Then rename the contents of the repository from to a new project name. We will use my_extension for this guide. This can be done automatically as follows:

# Enter the repository
cd IsaacLabMyExtension
# Rename all occurrences of ext_template (in files/directories) to my_extension
python scripts/rename_template.py my_extension

Using the python interpreter that has Isaac Lab installed (e.g., with your dedicated project conda environment activated), install the extension project:

python -m pip install -e source/ext_template

3 Using the Extension

Verify that the extension is correctly installed by running the following command:

python scripts/rsl_rl/train.py --task Ext-Isaac-Velocity-Rough-Anymal-D-v0

Remote Workstation Deployment (Requires Container Installation)

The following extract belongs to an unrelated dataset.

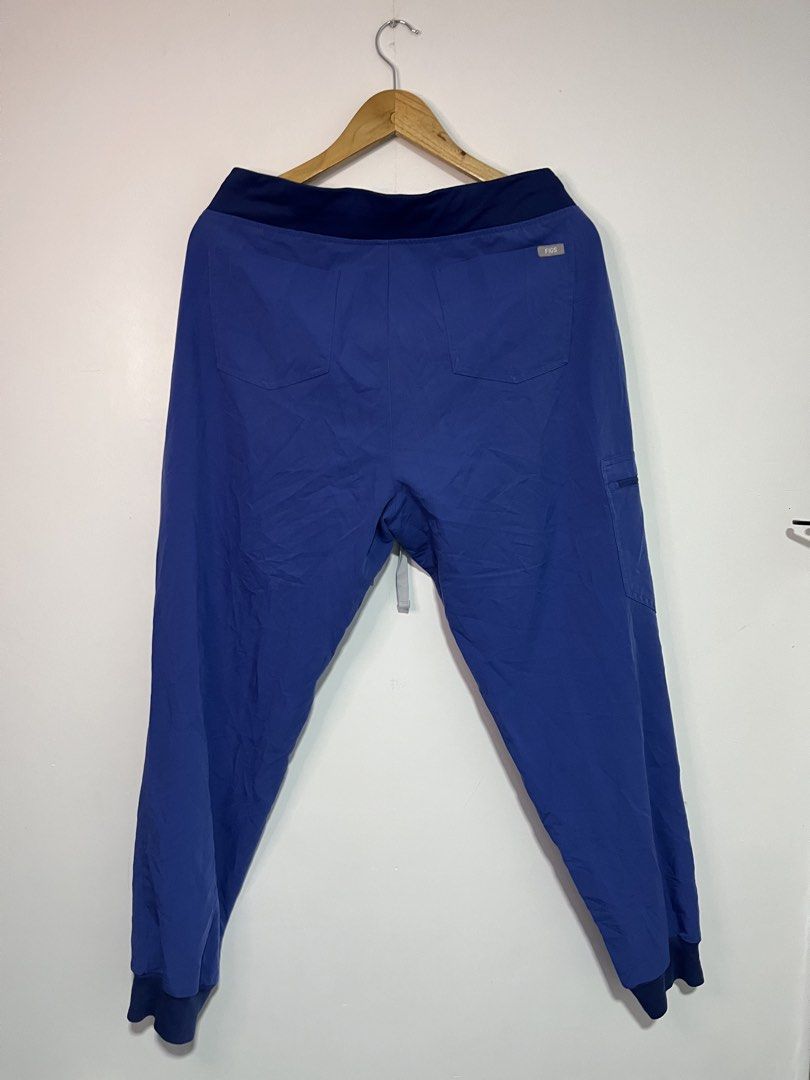 FIGS Technical Collection Scrub Joggers Blue Size L (Category: Joggers) located in Dasmarinas. Submitted by thriftedbygii (Listing ID 1470532986, Image 3). Description: - Brand: FIGS Technical Collection - Color: Blue with contrast dark waistband and cuffs - Fit: Jogger style with secure drawstring waist and ribbed ankle cuffs - Storage: Multiple functional pockets for tools, phone, and essentials - Fabric: Ultra-soft stretch material designed fo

For guidance on how to use the container on a remote workstation, see this page.

Cluster Deployment (Requires Container Installation)

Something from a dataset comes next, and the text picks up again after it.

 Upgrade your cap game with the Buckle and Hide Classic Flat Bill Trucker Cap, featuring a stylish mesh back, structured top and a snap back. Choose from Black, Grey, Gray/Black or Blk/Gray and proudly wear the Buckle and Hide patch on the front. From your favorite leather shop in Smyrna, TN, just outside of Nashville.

For guidance on how to use the container on a cluster, see this page.

Tips and Suggestions

It is strongly recommended to read all of the below before using this repository.

Setting up VSCode IDE

To setup the IDE, run VSCode Tasks by pressing Ctrl+Shift+P, then selecting Tasks: Run Task and then running the setup_python_env in the drop down menu. When running this task, you will be prompted to check the absolute path for your Isaac Sim installation. By default, this should be set up to work for the docker container.

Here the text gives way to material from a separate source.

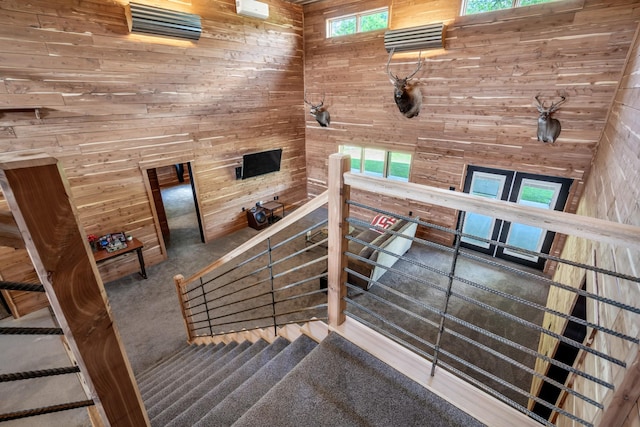 stairs featuring carpet flooring and wood walls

If everything executes correctly, it should create files in the .vscode directory. These files contain the python paths to all the extensions provided by Isaac Sim and Omniverse. This helps in indexing all the python modules for intelligent suggestions while writing code.

If using the container, you will have to re-run this every time you start the container.

NOTE: VSCode IDE is not supported for local pip-based installations (e.g., if you're using a conda environment).

Weights and Biases Support for Containers

The containers are set up to support Weights and Biases (including on clusters), and can link training runs automatically to your account.

For this to work, you must have your Weights and Biases API key exported as an environment variable. The easiest way to do this is to append your user account's ~/.bashrc file with the following:

export WANDB_API_KEY=[your API key here]

Then source the ~/.bashrc file, or simply open a new terminal. The ~/.bashrc file to append to depends on where the container is running:

Location ~/.bashrc file
Local machine Local machine user login
Remote workstation Local machine user login (not remote!)
Cluster Cluster user login

NOTE: interactively SSHing in to the remote workstation and manually running the container from there counts as "local machine" but applied to the remote workstation, so you'd need to edit the ~/.bashrc on the remote workstation in that case.

To train using RSL-RL with Weights and Biases enabled inside the container on your local machine, run the following:

./isaaclab_ext.sh -p scripts/rsl_rl/train.py --task Ext-Isaac-Velocity-Rough-Anymal-D-v0 --headless --logger wandb --log_project_name isaac-lab-ext-ext_template --run_name docker_test

Automatic Login on Remote Servers

To avoid needing to type in your password several times when deploying your container remotely, we recommend copying your public SSH key to the remote machine.

First check that you already have a key on your local machine:

ls ~/.ssh/id_rsa.pub

If you do not yet have a key, you can generate a new one:

ssh-keygen -t rsa

Then, to copy your key onto the remote machine:

ssh-copy-id -i ~/.ssh/id_rsa.pub [email protected]

NOTE: Only do this for private user accounts on remote machines, do not do this for a shared account!

Volume vs Bind Mounts

There are two ways to mount the logs/docs/data_storage folders to the local machine:

  1. Volume (default):
    • The folders in the container get mounted to Docker volumes on the local machine, safely stored in /var/lib/docker/volumes/.
    • The contents can then be copied from these volumes into the user's workspace, but changes on the local machine will not appear in the container.
    • The contents of the volumes will be lost when the container is stopped.
    • Prevents root-owned files leaking into the user's workspace.
  2. Bind:
    • The folders in the container get directly mounted to those on the local machine.
    • Any changes from one end will immediately show up on the other.
    • The contents of the folders will persist after the container is stopped.
    • All files created by the container will be root-owned, and require sudo permissions to modify/delete from outside the container.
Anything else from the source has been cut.